Investigating the Appropriate/Inappropriate Landing Theory in pumpkin production

Project Overview

Project Type: Farmer/Rancher
Funds awarded in 2021: $2,995.00
Projected End Date: 01/31/2023
Grant Recipient: Healthy Hills Farm
Region: North Central
State: Ohio
Project Coordinator:
Branden Schmurr
Healthy Hills Farm

Information Products


  • Vegetables: Pumpkin and Squash


  • Pest Management: integrated pest management

    Proposal summary:

    Controlling pest damage in vegetable production has long been a challenge for farmers and gardeners in all areas, especially in organic and sustainable agriculture systems.  Use of chemicals, even organic options, have real disadvantages for the producer and the customer.

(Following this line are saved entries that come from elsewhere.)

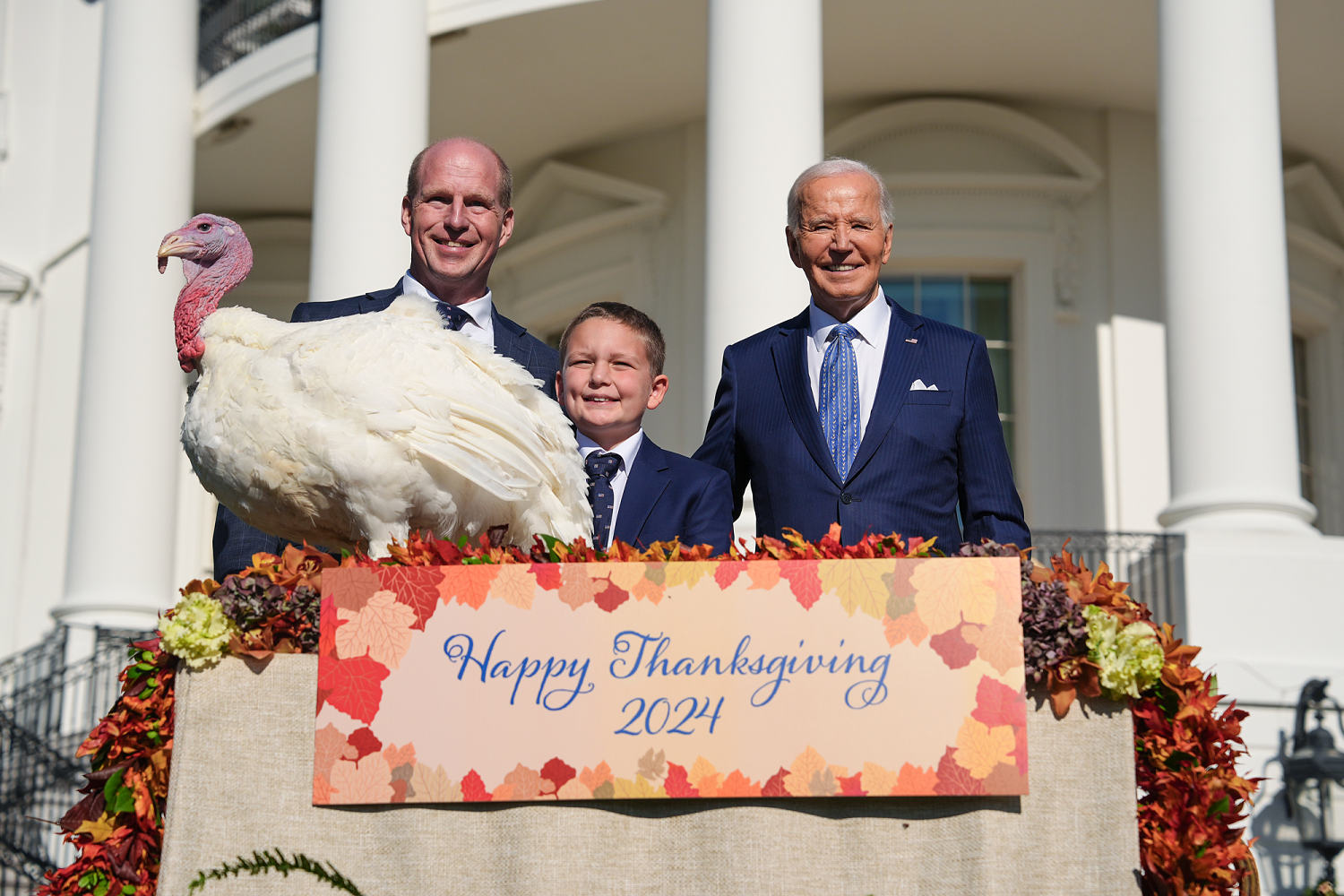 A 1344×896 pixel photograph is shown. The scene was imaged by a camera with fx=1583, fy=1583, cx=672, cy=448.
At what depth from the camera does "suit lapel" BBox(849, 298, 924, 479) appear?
3643 mm

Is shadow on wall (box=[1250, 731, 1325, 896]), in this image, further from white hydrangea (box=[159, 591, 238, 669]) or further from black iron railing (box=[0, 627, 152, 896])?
white hydrangea (box=[159, 591, 238, 669])

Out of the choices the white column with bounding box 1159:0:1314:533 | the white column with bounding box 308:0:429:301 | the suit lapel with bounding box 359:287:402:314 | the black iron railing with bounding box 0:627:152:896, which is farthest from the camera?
the black iron railing with bounding box 0:627:152:896

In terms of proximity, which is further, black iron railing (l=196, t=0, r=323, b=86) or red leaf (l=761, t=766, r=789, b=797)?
black iron railing (l=196, t=0, r=323, b=86)

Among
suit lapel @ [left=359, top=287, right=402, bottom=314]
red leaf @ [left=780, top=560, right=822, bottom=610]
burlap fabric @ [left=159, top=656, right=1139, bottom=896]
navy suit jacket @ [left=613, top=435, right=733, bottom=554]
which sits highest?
suit lapel @ [left=359, top=287, right=402, bottom=314]

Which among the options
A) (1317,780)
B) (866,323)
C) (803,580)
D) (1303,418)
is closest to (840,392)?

    Studies have shown that having diversity when planting can lessen pest damage, but the exact reasons why have been not well understood. The Appropriate/Inappropriate Landing theory (Finch, Collier) says that pests follow a three-step process when selecting a host plant:  Traveling to an area with the host plant via specific odors, using visual stimuli to land on a green surface, and making a few short flights to neighboring leaves.  To be successful, the insect must make consecutive "appropriate" landings on a host plant to stimulate egg laying, non-host "inappropriate" landings resets the egg laying process.

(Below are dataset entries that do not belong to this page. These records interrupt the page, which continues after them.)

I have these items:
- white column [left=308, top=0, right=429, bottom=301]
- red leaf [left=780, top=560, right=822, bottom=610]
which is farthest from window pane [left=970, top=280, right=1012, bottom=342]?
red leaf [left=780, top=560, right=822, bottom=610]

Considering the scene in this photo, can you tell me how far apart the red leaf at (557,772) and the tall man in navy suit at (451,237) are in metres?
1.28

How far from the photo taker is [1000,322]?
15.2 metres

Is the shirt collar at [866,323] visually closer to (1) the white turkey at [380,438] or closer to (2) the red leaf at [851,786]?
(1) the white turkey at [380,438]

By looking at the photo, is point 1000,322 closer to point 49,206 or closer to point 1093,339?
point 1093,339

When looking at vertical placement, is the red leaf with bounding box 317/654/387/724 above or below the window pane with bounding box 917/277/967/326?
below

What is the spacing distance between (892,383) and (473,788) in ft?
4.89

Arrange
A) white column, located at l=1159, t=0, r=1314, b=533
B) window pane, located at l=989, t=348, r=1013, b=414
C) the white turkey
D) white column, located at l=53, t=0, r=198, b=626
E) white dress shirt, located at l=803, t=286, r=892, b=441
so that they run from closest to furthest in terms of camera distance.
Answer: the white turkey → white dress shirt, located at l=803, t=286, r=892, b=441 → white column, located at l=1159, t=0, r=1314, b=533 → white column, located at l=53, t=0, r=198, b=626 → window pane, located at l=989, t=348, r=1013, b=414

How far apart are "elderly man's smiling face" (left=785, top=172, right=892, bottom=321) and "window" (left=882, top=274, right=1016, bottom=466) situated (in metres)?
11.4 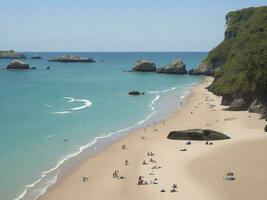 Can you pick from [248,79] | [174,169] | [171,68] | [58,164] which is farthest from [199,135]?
[171,68]

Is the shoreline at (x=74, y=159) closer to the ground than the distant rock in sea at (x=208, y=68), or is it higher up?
closer to the ground

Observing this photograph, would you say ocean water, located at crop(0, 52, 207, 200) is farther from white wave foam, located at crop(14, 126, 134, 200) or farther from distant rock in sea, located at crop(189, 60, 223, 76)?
distant rock in sea, located at crop(189, 60, 223, 76)

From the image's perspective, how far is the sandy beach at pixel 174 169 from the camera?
33.6 metres

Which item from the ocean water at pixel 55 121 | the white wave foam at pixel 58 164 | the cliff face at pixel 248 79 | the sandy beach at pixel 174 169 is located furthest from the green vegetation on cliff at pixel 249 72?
the white wave foam at pixel 58 164

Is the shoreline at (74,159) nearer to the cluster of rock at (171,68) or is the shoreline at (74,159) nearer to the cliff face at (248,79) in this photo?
the cliff face at (248,79)

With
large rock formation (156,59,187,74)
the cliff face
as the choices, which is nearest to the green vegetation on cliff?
the cliff face

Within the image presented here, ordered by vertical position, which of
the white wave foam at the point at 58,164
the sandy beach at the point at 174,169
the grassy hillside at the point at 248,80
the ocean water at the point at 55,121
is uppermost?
the grassy hillside at the point at 248,80

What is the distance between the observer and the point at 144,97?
97375mm

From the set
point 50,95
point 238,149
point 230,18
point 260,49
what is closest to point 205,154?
point 238,149

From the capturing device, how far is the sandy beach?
3356 cm

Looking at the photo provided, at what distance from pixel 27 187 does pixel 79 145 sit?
596 inches

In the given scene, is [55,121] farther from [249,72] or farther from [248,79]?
[249,72]

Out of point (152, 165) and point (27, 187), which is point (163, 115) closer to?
point (152, 165)

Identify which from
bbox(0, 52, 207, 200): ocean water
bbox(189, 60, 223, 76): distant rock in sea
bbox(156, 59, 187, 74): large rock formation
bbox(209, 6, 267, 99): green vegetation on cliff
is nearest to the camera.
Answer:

    We are proposing that this theory provides a sustainable way to lessen the damage made by pest insects, without the use of chemical insecticides.  We would investigate the various companion planting options for pumpkins to provide sustainable options that would be low-cost, lessen labor inputs and effective against extensive pest pressure.

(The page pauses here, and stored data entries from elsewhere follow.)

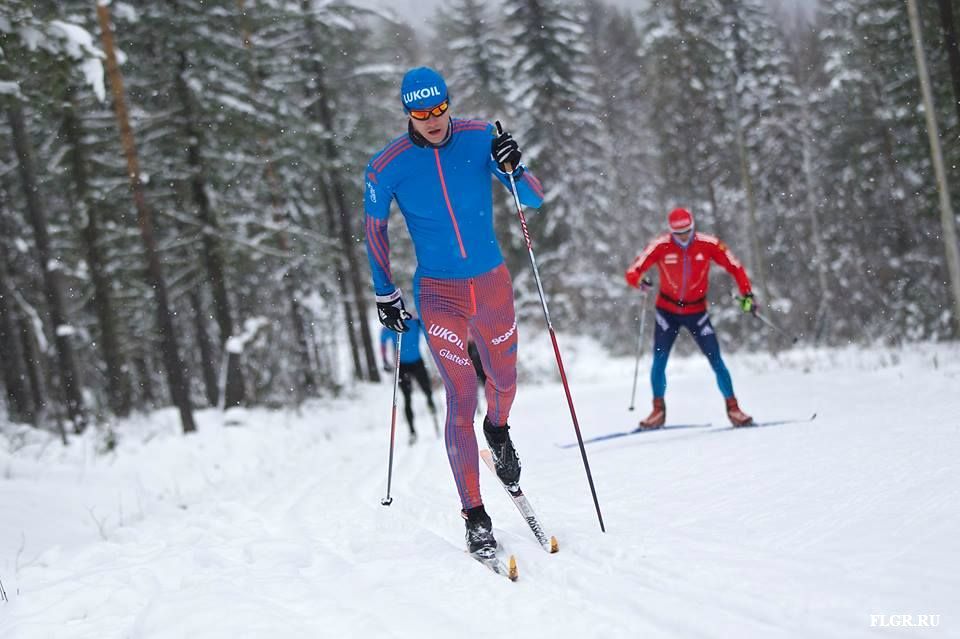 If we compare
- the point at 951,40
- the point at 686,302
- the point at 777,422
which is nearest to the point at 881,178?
the point at 951,40

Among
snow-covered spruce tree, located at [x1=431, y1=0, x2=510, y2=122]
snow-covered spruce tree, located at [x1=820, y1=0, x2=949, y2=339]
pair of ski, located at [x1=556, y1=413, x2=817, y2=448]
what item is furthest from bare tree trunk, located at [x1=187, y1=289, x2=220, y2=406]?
snow-covered spruce tree, located at [x1=820, y1=0, x2=949, y2=339]

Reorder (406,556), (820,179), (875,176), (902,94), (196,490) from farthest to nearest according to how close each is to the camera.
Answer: (820,179)
(875,176)
(902,94)
(196,490)
(406,556)

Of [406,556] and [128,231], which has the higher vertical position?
[128,231]

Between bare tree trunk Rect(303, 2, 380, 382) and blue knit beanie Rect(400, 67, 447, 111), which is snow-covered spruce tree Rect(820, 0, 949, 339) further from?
blue knit beanie Rect(400, 67, 447, 111)

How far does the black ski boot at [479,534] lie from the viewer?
3.73 m

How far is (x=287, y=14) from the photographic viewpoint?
19.6m

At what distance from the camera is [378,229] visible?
4.24m

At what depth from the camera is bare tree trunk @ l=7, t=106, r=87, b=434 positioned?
1496 cm

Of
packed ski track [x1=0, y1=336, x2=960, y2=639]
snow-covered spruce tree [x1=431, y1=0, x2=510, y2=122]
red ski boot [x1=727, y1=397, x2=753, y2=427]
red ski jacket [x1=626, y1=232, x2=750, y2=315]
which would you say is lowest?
red ski boot [x1=727, y1=397, x2=753, y2=427]

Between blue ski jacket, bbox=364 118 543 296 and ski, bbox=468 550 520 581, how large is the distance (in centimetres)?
162

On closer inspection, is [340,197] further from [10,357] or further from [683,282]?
[683,282]

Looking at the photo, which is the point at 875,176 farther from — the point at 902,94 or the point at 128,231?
the point at 128,231

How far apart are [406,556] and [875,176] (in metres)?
24.9

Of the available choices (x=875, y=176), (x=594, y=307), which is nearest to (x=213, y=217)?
(x=594, y=307)
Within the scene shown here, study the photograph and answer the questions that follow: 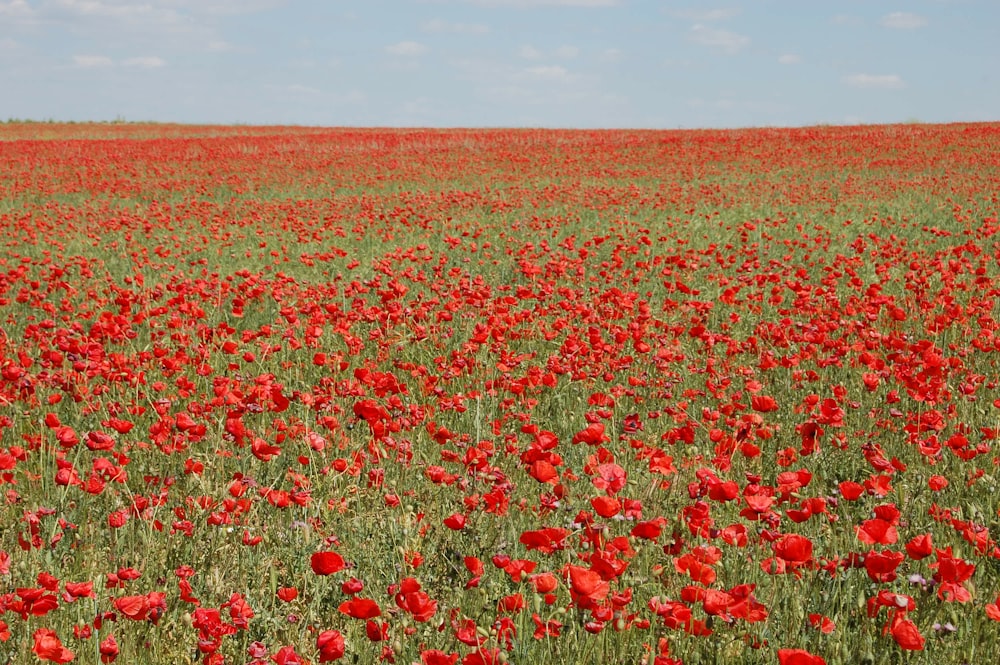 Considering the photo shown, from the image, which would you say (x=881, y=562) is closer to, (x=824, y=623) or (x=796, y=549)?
(x=796, y=549)

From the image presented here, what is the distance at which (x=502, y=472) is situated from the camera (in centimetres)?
316

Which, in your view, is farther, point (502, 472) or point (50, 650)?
point (502, 472)

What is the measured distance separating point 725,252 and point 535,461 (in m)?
7.83

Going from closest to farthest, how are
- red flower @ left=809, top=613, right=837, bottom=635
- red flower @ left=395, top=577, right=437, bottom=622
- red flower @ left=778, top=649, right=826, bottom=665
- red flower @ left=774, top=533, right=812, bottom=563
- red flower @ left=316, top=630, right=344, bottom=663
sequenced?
1. red flower @ left=778, top=649, right=826, bottom=665
2. red flower @ left=316, top=630, right=344, bottom=663
3. red flower @ left=395, top=577, right=437, bottom=622
4. red flower @ left=774, top=533, right=812, bottom=563
5. red flower @ left=809, top=613, right=837, bottom=635

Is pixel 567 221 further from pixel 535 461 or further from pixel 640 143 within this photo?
pixel 640 143

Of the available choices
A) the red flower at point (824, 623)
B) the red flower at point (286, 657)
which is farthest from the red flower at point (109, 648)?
the red flower at point (824, 623)

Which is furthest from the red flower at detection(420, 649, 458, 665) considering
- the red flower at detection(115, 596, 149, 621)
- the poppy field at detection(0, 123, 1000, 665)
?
the red flower at detection(115, 596, 149, 621)

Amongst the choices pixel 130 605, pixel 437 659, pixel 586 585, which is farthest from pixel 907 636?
→ pixel 130 605

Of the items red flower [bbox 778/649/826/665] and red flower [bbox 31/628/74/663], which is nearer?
red flower [bbox 778/649/826/665]

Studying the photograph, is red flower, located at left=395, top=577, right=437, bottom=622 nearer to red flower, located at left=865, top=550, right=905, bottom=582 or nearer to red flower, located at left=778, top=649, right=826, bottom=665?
red flower, located at left=778, top=649, right=826, bottom=665

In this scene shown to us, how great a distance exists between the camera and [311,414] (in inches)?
177

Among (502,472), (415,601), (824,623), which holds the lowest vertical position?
(824,623)

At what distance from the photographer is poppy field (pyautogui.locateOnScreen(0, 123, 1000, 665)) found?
2330 millimetres

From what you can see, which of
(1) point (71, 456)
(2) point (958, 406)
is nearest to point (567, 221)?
(2) point (958, 406) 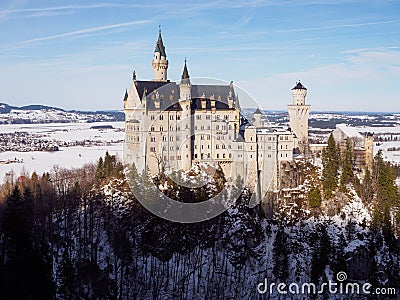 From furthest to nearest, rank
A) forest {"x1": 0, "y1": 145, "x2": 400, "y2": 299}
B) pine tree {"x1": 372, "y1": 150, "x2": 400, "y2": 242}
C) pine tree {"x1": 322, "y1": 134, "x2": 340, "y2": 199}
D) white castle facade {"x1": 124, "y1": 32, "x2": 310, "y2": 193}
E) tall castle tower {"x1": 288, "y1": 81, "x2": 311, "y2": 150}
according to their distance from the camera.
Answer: tall castle tower {"x1": 288, "y1": 81, "x2": 311, "y2": 150}, white castle facade {"x1": 124, "y1": 32, "x2": 310, "y2": 193}, pine tree {"x1": 322, "y1": 134, "x2": 340, "y2": 199}, pine tree {"x1": 372, "y1": 150, "x2": 400, "y2": 242}, forest {"x1": 0, "y1": 145, "x2": 400, "y2": 299}

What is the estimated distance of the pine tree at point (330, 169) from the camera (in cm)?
5894

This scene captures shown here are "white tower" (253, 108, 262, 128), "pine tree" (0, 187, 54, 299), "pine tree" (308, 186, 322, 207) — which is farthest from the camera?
"white tower" (253, 108, 262, 128)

    Project objectives from proposal:

    1. Interplant 5 different companion planting options for pumpkins, including an artificial greenery option, over bare soil to evaluate pest damage and pressure.
    2. Compare companion plantings to artificial greenery to evaluate effectiveness of Appropriate/Inappropriate Landing theory in pumpkin production.
    3. Identify most and least effective options for insect pest damage control of companion planting options.
    4. Present research at annual OEFFA conference, information session, and website.
    Any opinions, findings, conclusions, or recommendations expressed in this publication are those of the author(s) and do not necessarily reflect the view of the U.S. Department of Agriculture or SARE.